In a movie as quiet and subtle as Loving, the first thing audiences will notice are the excellent performances of Ruth Negga (Preacher) and Joel Edgerton (Black Mass), the duo who play Richard and Mildred Loving, the couple who in 1958 came to blows with Virginia’s anti-miscegenation laws. Negga is up for an Oscar and rightly so. Her performance is silent yet wonderful while Edgerton is silent in the original meaning of the word since he doesn’t say much. It’s his actions and facial expressions that deliver his performance, which is a gem as well.

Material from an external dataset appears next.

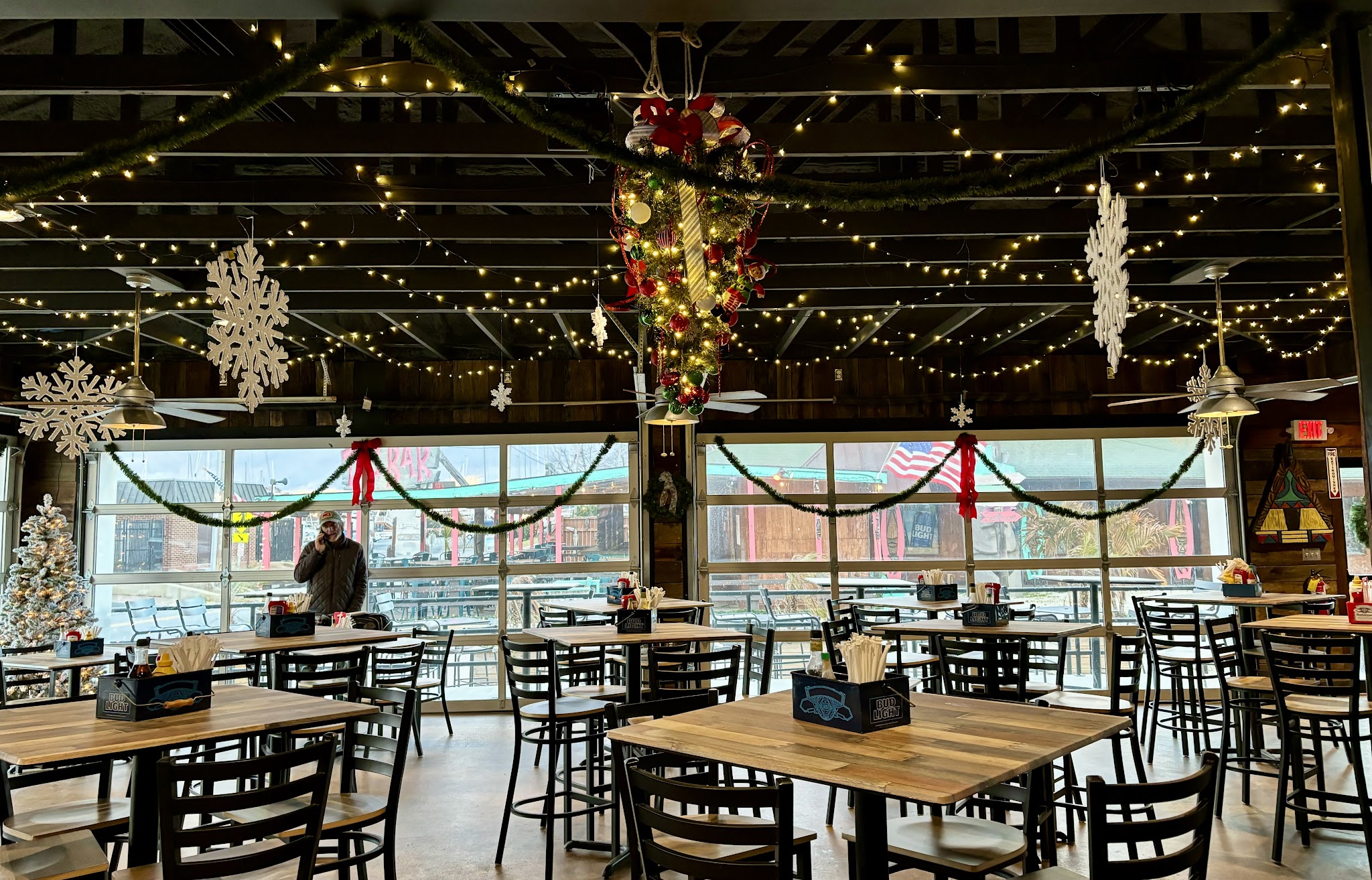 Tiki Bar & Grill Solomons Island MD - Solomons, MD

When the local cops are made aware of the marriage, Richard and Mildred are pulled from their bed and thrown in jail. While Richard is bailed out in quick succession, heavily pregnant Mildred must wait at the mercy of the state’s white supremacy. The judge decides several days is enough. They’re given a suspended sentence on the basis that they leave the Virginia for twenty-five years. They agree but living so far from home isn’t what Mildred wanted for her three children. She writes to DA Robert ‘Bobby’ Kennedy asking for his help and subsequently the Loving Case is thrown into the public eye, soon becoming a media story and a landmark case in the Supreme Court.
With much praise for the acting and such, I believe the director deserves equal measure of praise as well. Jeff Nichols’ direction is structurally sound and wonderful to watch. His script is truly something special as well. The Loving’s state of affairs begin as a minor incident in a state that is know for its liberality in comparison to other southern states. But we’re still in The South and it’s the 1950s, so rampant racism is always on the agenda. We go from a small incident into something that puts Virginia into the spotlight and America’s race problem with it. His approach to the story is subtle and quiet, much akin to the Lovings who “won’t bother anyone” if they can be left to live in peace.

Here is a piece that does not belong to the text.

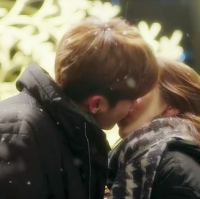 匹诺曹情侣头像一左一右 崔达布和荷娜萌萌哒的爱情故事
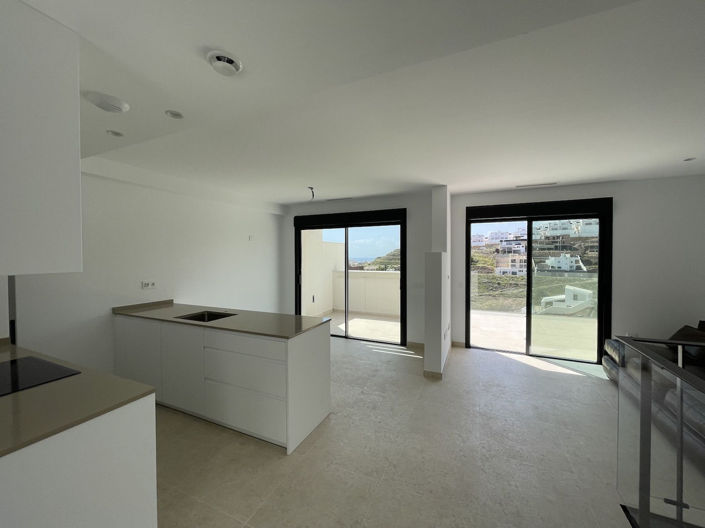 Image No.3-3 Bed Property for sale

In my opinion, there is only one weak point to this film and that’s the court case. I felt it was skimmed over incredibly quickly and I’d like to have seen a fully-fledged To Kill A Mockingbird-esque scene with one of the lawyers giving an excellent speech about race and society but also America’s abundant relaxed attitude to intolerance, fear and bigotry. This would have been a fitting ending to a masterclass film.